* [Task goal]: Give again, exactly as written, each line of the material below starting at the line that contains "Colorful Religious Vestments." and ending at the line that contains "Cortina Para Box". Both ends count, and no other line does.

* [Entries shown]:

:::::

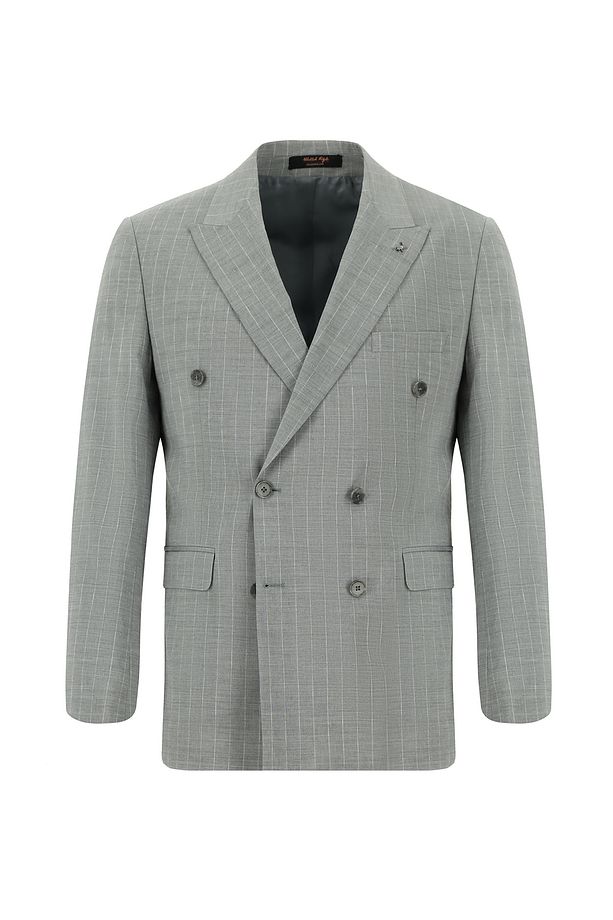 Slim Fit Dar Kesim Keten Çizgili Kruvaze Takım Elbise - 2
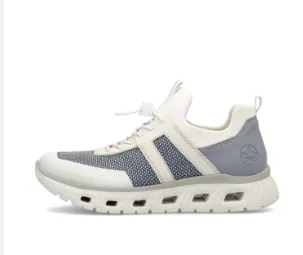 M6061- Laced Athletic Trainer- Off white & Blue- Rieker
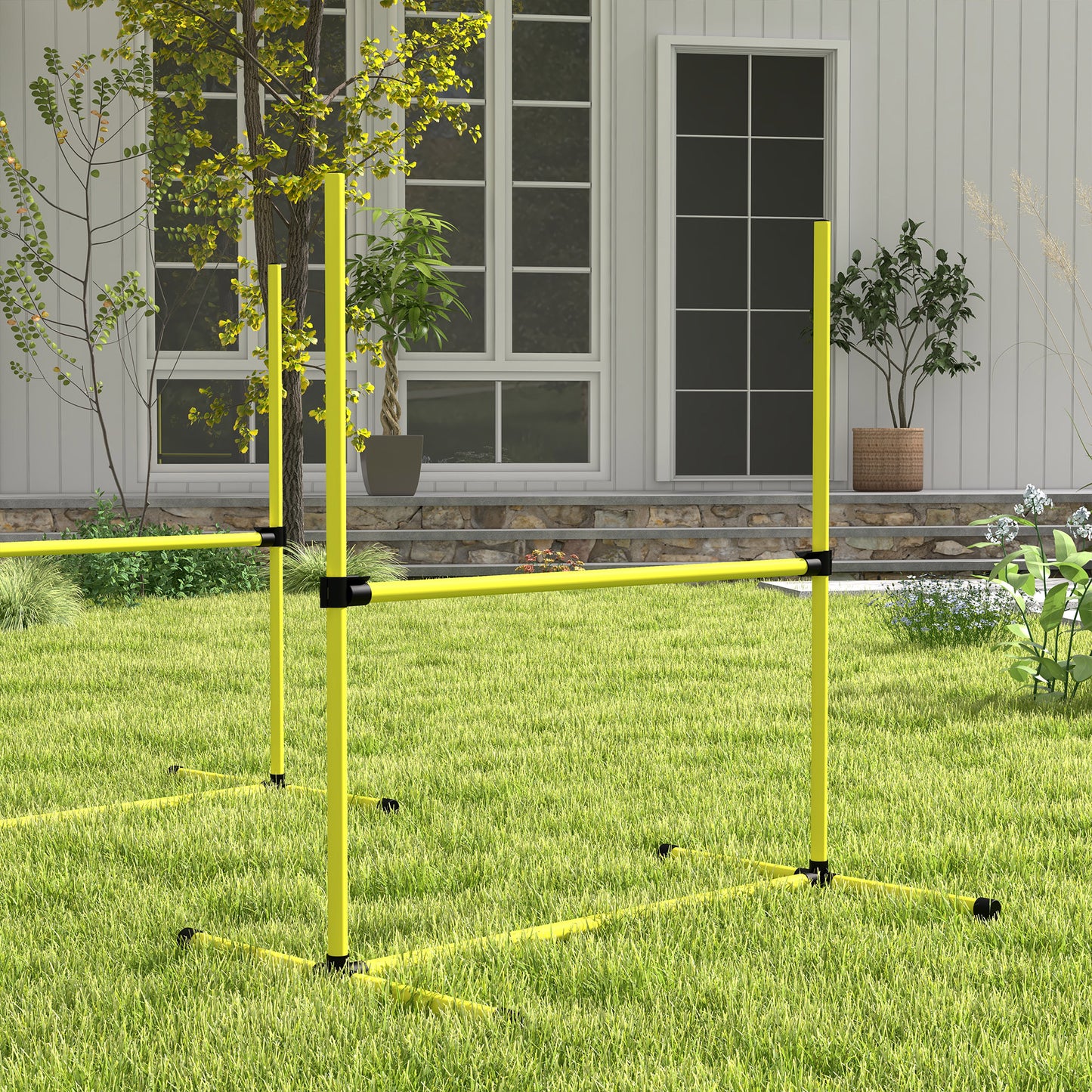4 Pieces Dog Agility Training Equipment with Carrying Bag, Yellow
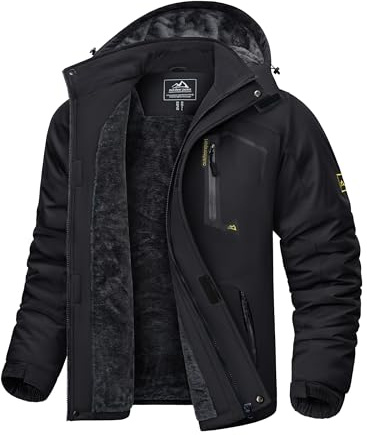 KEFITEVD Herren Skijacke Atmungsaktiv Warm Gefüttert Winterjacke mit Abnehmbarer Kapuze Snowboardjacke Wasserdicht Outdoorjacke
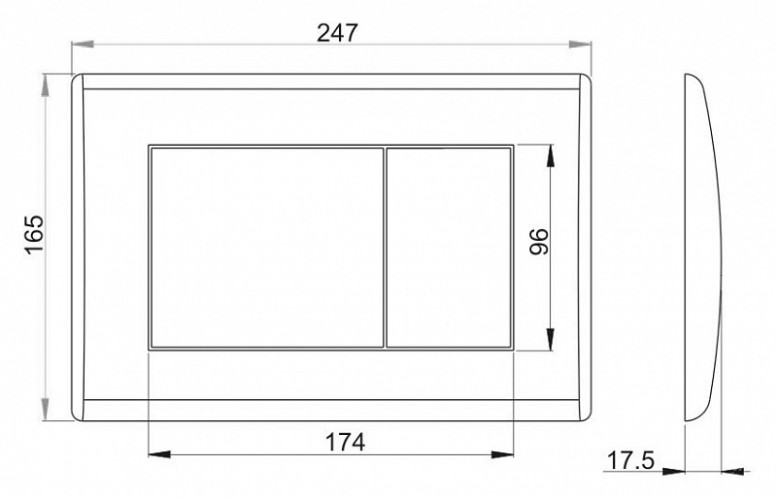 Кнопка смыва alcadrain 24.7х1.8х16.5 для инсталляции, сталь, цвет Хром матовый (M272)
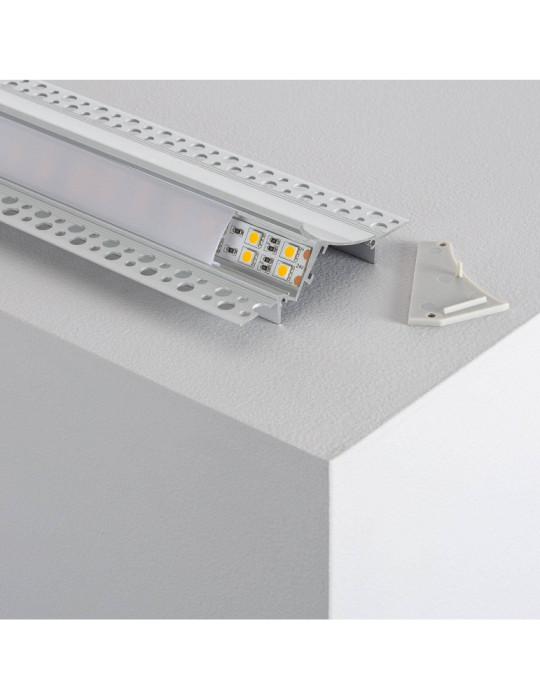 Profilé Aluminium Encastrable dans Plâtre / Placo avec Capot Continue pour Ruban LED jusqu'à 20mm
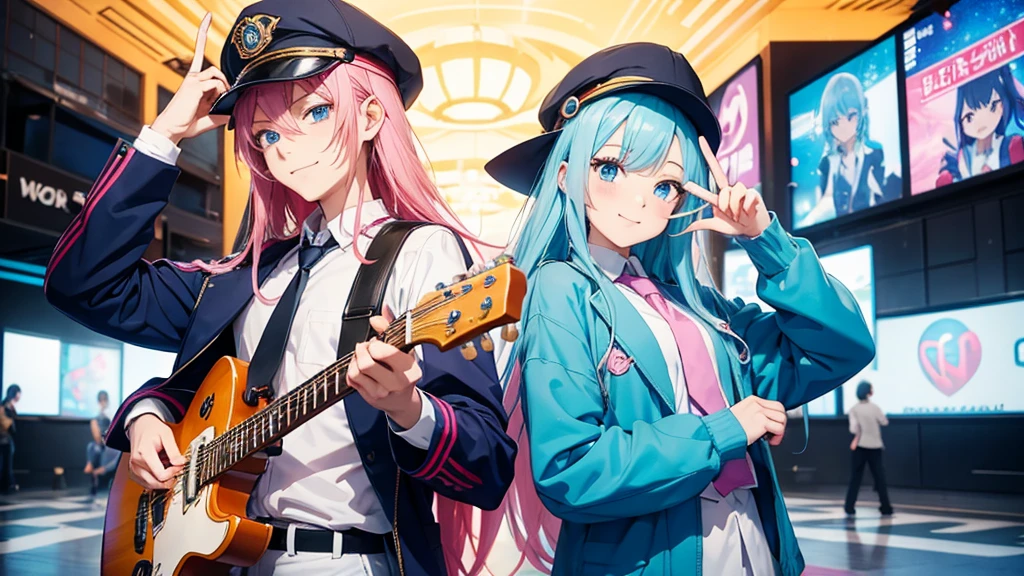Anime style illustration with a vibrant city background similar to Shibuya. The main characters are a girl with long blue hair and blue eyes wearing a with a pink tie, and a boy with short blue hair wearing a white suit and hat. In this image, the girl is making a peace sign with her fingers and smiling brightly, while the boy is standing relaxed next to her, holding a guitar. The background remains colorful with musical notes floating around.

:::::

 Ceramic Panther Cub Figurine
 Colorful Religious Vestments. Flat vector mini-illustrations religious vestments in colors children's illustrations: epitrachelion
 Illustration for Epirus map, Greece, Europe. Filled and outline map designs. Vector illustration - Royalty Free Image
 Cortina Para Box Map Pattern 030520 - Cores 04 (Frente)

:::::

* [Solved problem]:
 Colorful Religious Vestments. Flat vector mini-illustrations religious vestments in colors children's illustrations: epitrachelion
 Illustration for Epirus map, Greece, Europe. Filled and outline map designs. Vector illustration - Royalty Free Image
 Cortina Para Box Map Pattern 030520 - Cores 04 (Frente)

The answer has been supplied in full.